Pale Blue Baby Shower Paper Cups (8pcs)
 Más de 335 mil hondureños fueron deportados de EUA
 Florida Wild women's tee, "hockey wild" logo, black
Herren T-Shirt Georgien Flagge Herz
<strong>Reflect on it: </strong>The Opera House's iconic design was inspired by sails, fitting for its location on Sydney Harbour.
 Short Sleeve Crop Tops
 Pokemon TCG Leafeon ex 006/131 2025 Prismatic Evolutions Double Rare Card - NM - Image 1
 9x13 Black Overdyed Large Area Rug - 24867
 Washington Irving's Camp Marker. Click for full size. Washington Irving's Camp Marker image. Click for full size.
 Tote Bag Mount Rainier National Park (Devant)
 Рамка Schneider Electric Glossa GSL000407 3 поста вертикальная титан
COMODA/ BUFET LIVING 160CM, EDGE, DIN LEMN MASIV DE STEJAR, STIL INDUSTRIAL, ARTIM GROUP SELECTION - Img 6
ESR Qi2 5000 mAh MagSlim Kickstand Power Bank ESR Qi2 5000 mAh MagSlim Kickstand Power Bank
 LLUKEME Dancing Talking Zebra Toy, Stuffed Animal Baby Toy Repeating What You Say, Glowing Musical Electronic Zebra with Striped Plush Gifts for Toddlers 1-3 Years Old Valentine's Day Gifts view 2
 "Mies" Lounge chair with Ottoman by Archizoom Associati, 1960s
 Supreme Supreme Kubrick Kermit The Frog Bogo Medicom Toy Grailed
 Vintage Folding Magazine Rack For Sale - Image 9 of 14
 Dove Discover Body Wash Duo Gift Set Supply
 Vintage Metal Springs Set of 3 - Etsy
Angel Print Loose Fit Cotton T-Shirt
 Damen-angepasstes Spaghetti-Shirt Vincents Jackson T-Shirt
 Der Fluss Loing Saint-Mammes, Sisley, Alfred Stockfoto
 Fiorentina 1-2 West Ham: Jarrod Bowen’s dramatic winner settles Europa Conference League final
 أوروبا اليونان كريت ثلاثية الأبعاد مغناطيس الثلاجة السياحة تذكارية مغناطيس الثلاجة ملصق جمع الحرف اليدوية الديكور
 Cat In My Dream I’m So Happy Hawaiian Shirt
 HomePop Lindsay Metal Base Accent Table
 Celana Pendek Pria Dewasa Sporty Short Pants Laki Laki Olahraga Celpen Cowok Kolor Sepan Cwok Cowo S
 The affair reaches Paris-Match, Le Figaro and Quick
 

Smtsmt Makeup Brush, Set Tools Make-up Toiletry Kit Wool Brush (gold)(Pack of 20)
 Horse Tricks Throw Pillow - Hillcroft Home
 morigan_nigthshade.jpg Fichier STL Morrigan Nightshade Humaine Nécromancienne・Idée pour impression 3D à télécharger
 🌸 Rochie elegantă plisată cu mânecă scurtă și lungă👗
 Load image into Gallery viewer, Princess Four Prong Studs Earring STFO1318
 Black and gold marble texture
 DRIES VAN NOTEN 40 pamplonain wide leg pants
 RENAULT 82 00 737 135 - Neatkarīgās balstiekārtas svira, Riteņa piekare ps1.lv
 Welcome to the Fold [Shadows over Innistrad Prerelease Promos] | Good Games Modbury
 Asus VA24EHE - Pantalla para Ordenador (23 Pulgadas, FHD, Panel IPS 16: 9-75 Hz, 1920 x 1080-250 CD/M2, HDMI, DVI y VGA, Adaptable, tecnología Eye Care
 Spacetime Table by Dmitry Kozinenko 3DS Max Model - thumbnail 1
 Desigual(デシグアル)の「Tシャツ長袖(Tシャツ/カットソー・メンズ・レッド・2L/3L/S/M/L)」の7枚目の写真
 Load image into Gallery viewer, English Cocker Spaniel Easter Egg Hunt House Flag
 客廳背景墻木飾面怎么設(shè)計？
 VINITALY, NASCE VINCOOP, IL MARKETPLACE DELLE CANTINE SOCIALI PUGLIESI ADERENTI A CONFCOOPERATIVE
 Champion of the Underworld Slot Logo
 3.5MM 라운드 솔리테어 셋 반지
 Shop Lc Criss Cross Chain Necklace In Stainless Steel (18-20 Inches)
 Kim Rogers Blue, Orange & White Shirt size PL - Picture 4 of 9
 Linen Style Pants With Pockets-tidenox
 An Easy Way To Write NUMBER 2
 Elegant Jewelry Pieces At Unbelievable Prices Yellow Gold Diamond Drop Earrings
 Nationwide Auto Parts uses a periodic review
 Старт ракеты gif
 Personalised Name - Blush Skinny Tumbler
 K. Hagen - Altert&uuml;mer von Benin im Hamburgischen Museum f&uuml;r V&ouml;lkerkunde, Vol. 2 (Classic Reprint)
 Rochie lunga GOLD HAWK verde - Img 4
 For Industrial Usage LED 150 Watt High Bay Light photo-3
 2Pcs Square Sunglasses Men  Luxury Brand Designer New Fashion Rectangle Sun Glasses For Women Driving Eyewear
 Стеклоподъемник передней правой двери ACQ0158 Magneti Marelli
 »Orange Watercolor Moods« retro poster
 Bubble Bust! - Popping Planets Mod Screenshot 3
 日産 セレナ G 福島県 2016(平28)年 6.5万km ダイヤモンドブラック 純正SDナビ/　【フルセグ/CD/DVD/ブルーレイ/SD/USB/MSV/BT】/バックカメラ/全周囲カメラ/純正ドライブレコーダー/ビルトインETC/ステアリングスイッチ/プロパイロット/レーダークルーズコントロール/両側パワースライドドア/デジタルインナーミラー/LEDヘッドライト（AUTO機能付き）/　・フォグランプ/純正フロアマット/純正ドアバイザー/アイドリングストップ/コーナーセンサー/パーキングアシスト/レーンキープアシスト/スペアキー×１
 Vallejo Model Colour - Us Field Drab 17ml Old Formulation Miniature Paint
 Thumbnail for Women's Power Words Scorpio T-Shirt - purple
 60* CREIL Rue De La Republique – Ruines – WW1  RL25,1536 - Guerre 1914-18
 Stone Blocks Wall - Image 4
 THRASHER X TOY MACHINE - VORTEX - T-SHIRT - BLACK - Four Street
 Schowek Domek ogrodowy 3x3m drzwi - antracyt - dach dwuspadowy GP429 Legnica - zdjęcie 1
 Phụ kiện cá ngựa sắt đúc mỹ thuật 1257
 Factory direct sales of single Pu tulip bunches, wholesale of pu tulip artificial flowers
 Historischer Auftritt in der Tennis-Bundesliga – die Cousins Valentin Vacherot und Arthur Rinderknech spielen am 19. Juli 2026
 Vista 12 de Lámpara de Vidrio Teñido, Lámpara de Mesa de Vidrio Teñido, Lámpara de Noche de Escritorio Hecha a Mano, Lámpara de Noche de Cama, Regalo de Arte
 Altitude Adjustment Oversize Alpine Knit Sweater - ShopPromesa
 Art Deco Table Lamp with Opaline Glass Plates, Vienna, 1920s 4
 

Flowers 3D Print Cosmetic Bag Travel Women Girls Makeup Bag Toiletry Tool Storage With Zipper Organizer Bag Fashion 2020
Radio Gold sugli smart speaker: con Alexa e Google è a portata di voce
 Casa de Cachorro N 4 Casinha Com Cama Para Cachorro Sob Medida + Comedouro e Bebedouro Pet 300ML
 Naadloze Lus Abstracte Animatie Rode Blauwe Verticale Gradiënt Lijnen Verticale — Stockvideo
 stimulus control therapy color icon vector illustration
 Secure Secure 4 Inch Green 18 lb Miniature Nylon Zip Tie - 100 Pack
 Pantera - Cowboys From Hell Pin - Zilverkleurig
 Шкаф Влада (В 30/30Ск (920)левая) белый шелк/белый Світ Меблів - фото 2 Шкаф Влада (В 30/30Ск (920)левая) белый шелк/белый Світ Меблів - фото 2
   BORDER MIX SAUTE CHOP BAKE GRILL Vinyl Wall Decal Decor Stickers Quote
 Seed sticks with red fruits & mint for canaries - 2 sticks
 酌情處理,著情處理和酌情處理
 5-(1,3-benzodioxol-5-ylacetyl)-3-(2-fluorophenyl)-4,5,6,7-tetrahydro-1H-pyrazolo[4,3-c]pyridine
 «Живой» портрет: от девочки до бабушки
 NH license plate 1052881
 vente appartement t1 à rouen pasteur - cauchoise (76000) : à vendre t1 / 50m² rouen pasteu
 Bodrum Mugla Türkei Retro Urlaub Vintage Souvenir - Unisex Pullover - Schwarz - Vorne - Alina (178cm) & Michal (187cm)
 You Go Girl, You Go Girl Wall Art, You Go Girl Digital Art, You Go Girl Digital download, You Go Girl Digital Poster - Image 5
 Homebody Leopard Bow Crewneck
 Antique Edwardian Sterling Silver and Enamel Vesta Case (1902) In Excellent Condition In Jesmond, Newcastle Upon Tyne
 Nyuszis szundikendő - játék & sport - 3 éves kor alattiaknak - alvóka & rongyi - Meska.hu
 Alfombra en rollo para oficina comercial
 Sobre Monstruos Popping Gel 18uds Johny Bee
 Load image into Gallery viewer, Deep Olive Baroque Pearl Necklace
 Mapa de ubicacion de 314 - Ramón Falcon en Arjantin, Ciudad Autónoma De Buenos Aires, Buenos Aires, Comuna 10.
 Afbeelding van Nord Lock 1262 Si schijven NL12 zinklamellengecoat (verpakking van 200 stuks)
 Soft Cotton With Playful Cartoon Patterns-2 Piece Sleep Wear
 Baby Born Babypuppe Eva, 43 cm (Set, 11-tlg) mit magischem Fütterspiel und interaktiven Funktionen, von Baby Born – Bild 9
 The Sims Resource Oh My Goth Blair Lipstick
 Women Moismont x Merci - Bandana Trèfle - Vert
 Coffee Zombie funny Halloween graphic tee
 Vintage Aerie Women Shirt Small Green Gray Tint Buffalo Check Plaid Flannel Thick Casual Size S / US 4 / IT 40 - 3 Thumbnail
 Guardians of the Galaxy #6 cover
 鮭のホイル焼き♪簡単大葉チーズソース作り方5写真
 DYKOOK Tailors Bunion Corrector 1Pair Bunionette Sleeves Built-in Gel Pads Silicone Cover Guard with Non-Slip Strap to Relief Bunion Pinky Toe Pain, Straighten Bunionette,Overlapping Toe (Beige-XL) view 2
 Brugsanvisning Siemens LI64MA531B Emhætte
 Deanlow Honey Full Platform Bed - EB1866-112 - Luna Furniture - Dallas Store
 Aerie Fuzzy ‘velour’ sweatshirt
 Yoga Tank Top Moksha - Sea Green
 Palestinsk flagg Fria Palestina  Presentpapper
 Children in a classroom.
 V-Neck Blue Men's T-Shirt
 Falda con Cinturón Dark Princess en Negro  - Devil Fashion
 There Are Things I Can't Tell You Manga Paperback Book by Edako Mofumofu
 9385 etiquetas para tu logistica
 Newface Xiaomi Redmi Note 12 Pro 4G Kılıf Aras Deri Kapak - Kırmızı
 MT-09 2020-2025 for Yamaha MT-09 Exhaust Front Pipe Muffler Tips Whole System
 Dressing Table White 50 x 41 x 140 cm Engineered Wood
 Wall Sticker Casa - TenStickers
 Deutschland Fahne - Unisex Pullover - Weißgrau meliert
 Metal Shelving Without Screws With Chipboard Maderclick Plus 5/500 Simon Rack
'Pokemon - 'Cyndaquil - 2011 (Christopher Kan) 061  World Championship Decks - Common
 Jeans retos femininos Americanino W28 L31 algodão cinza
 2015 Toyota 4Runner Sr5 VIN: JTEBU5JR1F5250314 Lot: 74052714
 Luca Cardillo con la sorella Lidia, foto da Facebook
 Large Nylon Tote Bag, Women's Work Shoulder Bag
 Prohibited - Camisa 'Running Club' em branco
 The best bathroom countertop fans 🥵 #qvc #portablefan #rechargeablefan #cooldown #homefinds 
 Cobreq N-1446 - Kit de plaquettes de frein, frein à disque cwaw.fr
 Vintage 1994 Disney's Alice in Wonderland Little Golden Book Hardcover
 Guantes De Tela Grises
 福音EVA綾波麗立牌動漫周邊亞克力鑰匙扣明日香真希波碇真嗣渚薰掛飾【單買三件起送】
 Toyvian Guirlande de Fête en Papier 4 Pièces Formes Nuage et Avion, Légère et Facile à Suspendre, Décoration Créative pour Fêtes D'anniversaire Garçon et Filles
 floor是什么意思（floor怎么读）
--------------------
[Task statement]: Give only the lines from the one holding "Homebody Leopard Bow Crewneck" through the one holding "Load image into Gallery viewer, Deep", each restated exactly as it appears above.

[Result of this exercise]:
 Homebody Leopard Bow Crewneck
 Antique Edwardian Sterling Silver and Enamel Vesta Case (1902) In Excellent Condition In Jesmond, Newcastle Upon Tyne
 Nyuszis szundikendő - játék & sport - 3 éves kor alattiaknak - alvóka & rongyi - Meska.hu
 Alfombra en rollo para oficina comercial
 Sobre Monstruos Popping Gel 18uds Johny Bee
 Load image into Gallery viewer, Deep Olive Baroque Pearl Necklace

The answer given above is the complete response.